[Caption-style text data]
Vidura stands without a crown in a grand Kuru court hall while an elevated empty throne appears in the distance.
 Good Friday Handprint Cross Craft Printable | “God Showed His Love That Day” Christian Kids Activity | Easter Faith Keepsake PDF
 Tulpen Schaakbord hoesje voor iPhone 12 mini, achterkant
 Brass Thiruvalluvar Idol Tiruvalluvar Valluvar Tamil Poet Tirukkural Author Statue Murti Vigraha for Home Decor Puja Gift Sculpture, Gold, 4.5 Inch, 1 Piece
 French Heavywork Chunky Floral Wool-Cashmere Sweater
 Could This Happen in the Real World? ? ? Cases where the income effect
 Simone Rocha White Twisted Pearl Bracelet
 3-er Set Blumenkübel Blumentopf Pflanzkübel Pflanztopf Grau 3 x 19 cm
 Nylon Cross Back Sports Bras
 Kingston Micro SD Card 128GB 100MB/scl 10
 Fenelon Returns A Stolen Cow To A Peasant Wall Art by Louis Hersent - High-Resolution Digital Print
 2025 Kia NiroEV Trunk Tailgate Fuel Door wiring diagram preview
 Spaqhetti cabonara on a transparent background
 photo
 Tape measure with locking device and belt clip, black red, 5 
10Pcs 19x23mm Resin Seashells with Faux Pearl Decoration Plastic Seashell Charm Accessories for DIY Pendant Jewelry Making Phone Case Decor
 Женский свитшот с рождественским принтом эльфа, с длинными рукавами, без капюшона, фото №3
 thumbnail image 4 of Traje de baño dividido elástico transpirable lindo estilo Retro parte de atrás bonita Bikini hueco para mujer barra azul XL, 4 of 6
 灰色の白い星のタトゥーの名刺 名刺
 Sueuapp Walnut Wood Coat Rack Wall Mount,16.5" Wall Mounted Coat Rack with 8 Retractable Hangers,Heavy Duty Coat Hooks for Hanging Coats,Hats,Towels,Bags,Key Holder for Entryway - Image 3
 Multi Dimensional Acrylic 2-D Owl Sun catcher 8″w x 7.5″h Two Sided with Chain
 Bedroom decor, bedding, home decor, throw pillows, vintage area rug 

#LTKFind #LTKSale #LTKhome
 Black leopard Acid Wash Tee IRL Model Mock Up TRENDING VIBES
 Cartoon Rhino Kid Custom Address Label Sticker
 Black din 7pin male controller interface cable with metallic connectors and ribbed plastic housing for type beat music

## ABOUT THIS TASK
Starting from the line holding "Simone Rocha White Twisted Pearl Bracelet", restate the remaining lines of the data word for word, including the last.

## RESPONSE
 Simone Rocha White Twisted Pearl Bracelet
 3-er Set Blumenkübel Blumentopf Pflanzkübel Pflanztopf Grau 3 x 19 cm
 Nylon Cross Back Sports Bras
 Kingston Micro SD Card 128GB 100MB/scl 10
 Fenelon Returns A Stolen Cow To A Peasant Wall Art by Louis Hersent - High-Resolution Digital Print
 2025 Kia NiroEV Trunk Tailgate Fuel Door wiring diagram preview
 Spaqhetti cabonara on a transparent background
 photo
 Tape measure with locking device and belt clip, black red, 5 
10Pcs 19x23mm Resin Seashells with Faux Pearl Decoration Plastic Seashell Charm Accessories for DIY Pendant Jewelry Making Phone Case Decor
 Женский свитшот с рождественским принтом эльфа, с длинными рукавами, без капюшона, фото №3
 thumbnail image 4 of Traje de baño dividido elástico transpirable lindo estilo Retro parte de atrás bonita Bikini hueco para mujer barra azul XL, 4 of 6
 灰色の白い星のタトゥーの名刺 名刺
 Sueuapp Walnut Wood Coat Rack Wall Mount,16.5" Wall Mounted Coat Rack with 8 Retractable Hangers,Heavy Duty Coat Hooks for Hanging Coats,Hats,Towels,Bags,Key Holder for Entryway - Image 3
 Multi Dimensional Acrylic 2-D Owl Sun catcher 8″w x 7.5″h Two Sided with Chain
 Bedroom decor, bedding, home decor, throw pillows, vintage area rug 

#LTKFind #LTKSale #LTKhome
 Black leopard Acid Wash Tee IRL Model Mock Up TRENDING VIBES
 Cartoon Rhino Kid Custom Address Label Sticker
 Black din 7pin male controller interface cable with metallic connectors and ribbed plastic housing for type beat music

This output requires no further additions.